Warren Buffett is a rich man with very interesting habits. If you do believe that a man is a sum of his habits, then it’s truly worth finding out what are the habits of the world’s richest investor.
1) Live Simply
What surprises most people are the frugal habits of Warren Buffett. To put it simply, Warren Buffett doesn’t live as though he is a billionaire. The CEO and chairman of multi-billion dollar Berkshire Hathaway still lives in a modest 5 bedroom house in Omaha which he bought for $31,500 in 1958.
When asked why he didn’t purchase a more luxurious house, his answer was typically Buffett.
“How would I improve my life by having 10 houses around the globe?”
Unlike the rest of the CEOs on Wall Street, Warren Buffett does not equate his success with the size of his possessions. Hence he never feels the need to keep up with appearances.
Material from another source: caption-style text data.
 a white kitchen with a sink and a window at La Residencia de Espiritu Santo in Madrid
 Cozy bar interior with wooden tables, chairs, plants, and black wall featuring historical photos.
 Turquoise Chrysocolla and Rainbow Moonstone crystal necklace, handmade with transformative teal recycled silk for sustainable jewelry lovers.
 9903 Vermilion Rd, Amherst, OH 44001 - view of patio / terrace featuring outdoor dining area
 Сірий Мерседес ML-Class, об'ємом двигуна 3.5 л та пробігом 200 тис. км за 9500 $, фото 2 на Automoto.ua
If you equate success with your possessions, you will soon find that your success is always fleeting, temporal and superficial – very much like your possessions.
2) Buy Cheap
Much of Warren Buffett’s wealth has been made through value investing. This is a process where a bargain hunter like Buffett will do his research to find out the true value of a company. He would then wait for the price to fall below that before buying.
This happens because the market often overreacts to both good and bad news. It always price stocks too high when the economy is doing well but over discounts them when the economy is bad.
When that happens, he would happily buy all these undervalued stocks while everyone is selling at dirt cheap prices due to panic. Talk about a steal eh?
3) Ignore What Other People Say
People like Buffett don’t allow value to be determined by what other people say or market perceptions. He inherently recognizes true value behind the stock price and ignores the ignorant comments made by the crowd around him.
It is this ability that allows him to take advantage of the market and earn from the fluctuations in stock prices.
When everyone doubted the future of American Express during the Salad Oil Scandal in 1963, he paid no attention to any of them and carried out his own research about the viability of the credit card company. After determining that the company had very solid business earnings, he invested $13 million into it and sold it later for a handsome profit.
4) Stick To Your Principles
Warren Buffett has a set of investing principles he adhere to strictly. For example, Buffett and his partner Charles Munger will never invest in stocks they do not understand.
During the dot-com craze in 1998-1999 while everyone was busy buying tech stocks, Warren Buffett stuck to his principles and avoided them like the plague. Many fund managers criticize his lack of vision and narrow thinking. More than once, he was accused to have “lost” his Midas touch.
As a result, when the dot-com bubble burst in 2000, Warren Buffett had the majority of his wealth intact while the very same fund managers who had criticized him found their funds dropping by more than 90% in value.
5) Hang Out With People Better Than You
Buffett picks his friends very carefully. He understands that you need to hang out with people who are better than you in order to “move in the direction of the crowd that you associate with”.
It is no surprise that he is often seen in the company of brilliant individuals like Bill Gates and Charles Munger, the latter who is also the vice-chairman of Berkshire Hathaway.
Buffett even has this to say about Munger, “He’s given me a lot more advice than I’ve given him.” Now, that’s a huge compliment coming from the world’s richest investor!